By-and-bye the beadle comes out, once more intensifying the sensation, which has rather languished in the interval. He is understood to be in want of witnesses, for the Inquest tomorrow, who can tell the Coroner and Jury anything whatever respecting the deceased. Is immediately referred to innumerable people who can tell nothing whatever. Is made more imbecile by being constantly informed that Mrs. Green's son 'was a law-writer his-self, and knowed him better than anybody'—which son of Mrs. Green's appears, on inquiry, to be at the present time aboard a. vessel bound for China, three months out, but considered accessible by telegraph, on application to the Lords of the Admiralty. Beadle goes into various shops and parlours, examining the inhabitants; always shutting the door first, and by exclusion, delay, and general idiotcy, exasperating the public. Policeman seen to smile to potboy. Public loses interest, and undergoes reaction. Taunts the beadle, in shrill youthful voices, with having boiled a boy; choruses fragments of a popular song to that effect, and importing that the boy was made into soup for the workhouse. Policeman at last finds it necessary to support the law, and seize a vocalist; who is released upon the flight of the rest, on condition of his getting out of this then, come! and cutting it – a condition he immediately observes. So the sensation dies off for the time; and the unmoved policeman (to whom a little opium, more or less, is nothing), with his shining hat, stiff stock, inflexible great-coat, stout belt and bracelet, and all things fitting, pursues his lounging way with a heavy tread: beating the palms of his white gloves one against the other, and stopping now and then, at a street-corner, to look casually about for anything between a lost child and a murder.

Under cover of the night, the feeble-minded beadle comes flitting about Chancery Lane with his summonses, in which every Juror's name is wrongly spelt, and nothing rightly spelt but the beadle's own name, which nobody can read or wants to know. The summonses served, and his witnesses forewarned, the beadle goes to Mr. Krook's, to keep a small appointment he has made with certain paupers; who, presently arriving, are conducted up-stairs; where they leave the great eyes in the shutter something new to stare at, in that last shape which earthly lodgings take for No one – and for Every one.

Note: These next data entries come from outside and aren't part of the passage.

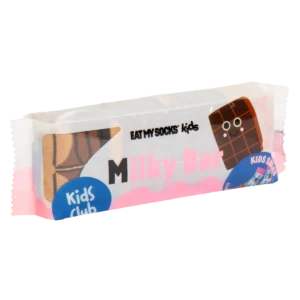 EMSSKFFMIBR PACK TB 300 1800x1800 300x300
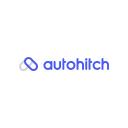 autohitch logo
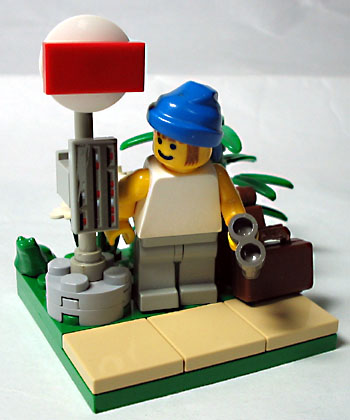 bus_stop03.jpg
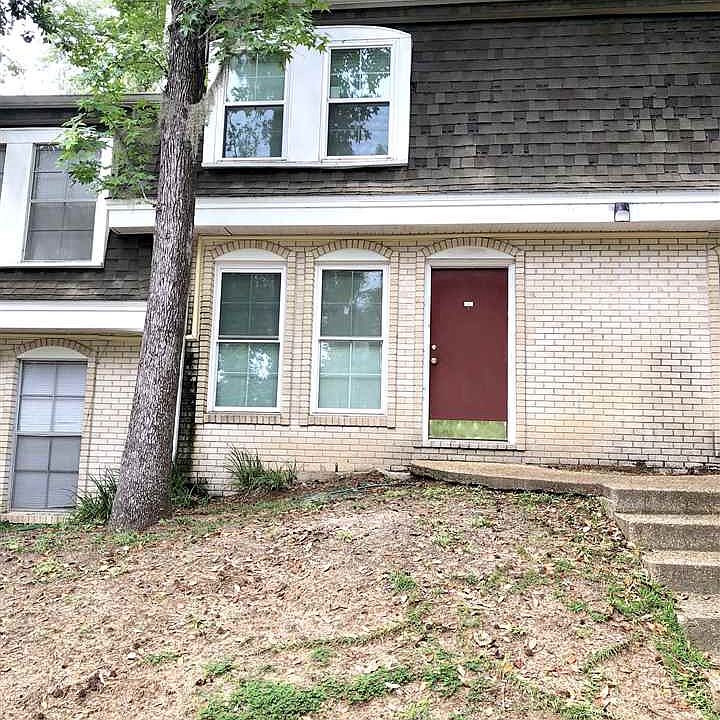 1st image of 2020 Continental Ave #145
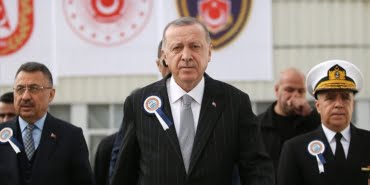 erdogan-deniz
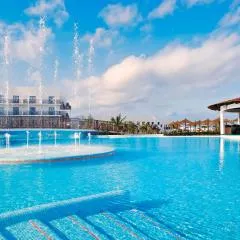 Meliá Dunas Beach Resort & Spa - All Inclusive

And, all that night, the coffin stands ready by the old portmanteau; and the lonely figure on the bed, whose path in life has lain through five-and-forty years, lies there, with no more track behind him, that any one can trace, than a deserted infant.

Next day the court is all alive – is like a fair, as Mrs. Perkins, more than reconciled to Mrs. Piper, says, in amicable conversation with that excellent woman. The Coroner is to sit in the first-floor room at the Sol's Arms, where the Harmonic Meetings take place twice a week, and where the chair is filled by a gentleman of professional celebrity, faced by Little Swills, the comic vocalist, who hopes (according to the bill in the window) that his friends will rally round him, and support first-rate talent. The Sol's Arms does a brisk stroke of business all the morning. Even children so require sustaining, under the general excitement, that a pieman who has established himself for the occasion at the corner of the court, says his brandy-balls go off like smoke. What time the beadle, hovering between the door of Mr. Krook's establishment and the door of the Sol's Arms, shows the curiosity in his keeping to a few discreet spirits, and accepts the compliment of a glass of ale or so in return.